§ **Dataset content**
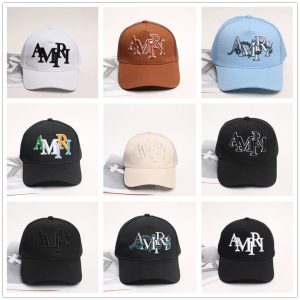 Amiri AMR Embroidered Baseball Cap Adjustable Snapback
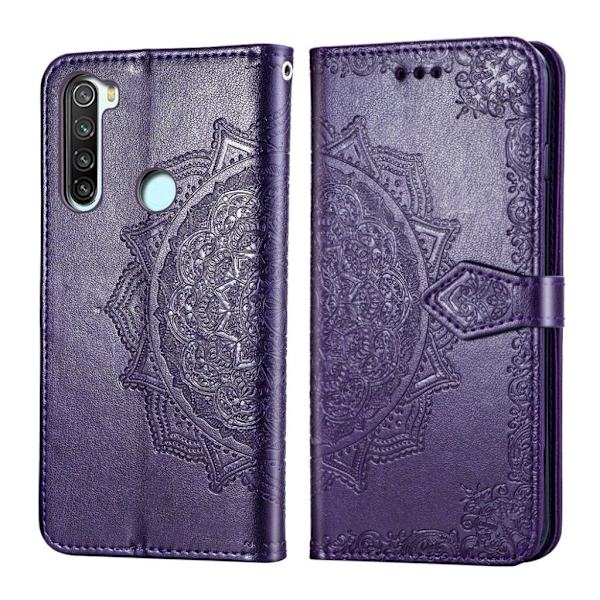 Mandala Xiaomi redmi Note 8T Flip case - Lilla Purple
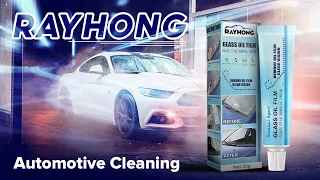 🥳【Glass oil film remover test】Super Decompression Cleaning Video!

--

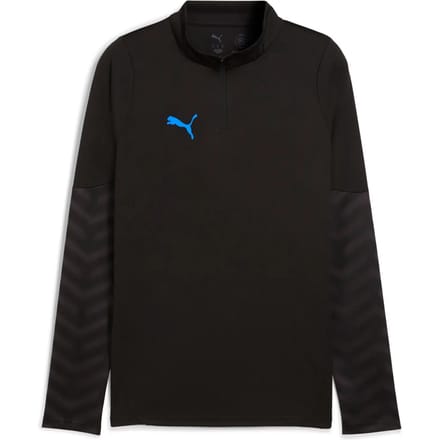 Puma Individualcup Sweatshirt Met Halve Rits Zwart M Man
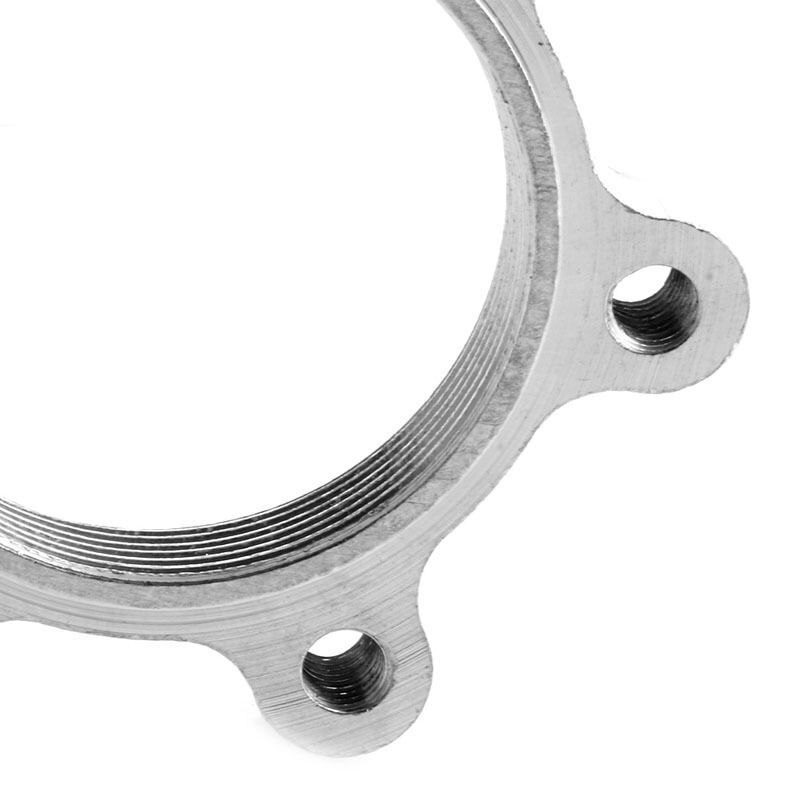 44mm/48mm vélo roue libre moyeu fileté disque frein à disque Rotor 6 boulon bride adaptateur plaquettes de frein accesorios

§ **Work instructions**
Your answer is the exact run of lines above from the one with "Mandala Xiaomi redmi" through the one with "Decompression Cleaning Video!", both ends included, minus any picture.

§ **Answer to the problem**
 Mandala Xiaomi redmi Note 8T Flip case - Lilla Purple
 🥳【Glass oil film remover test】Super Decompression Cleaning Video!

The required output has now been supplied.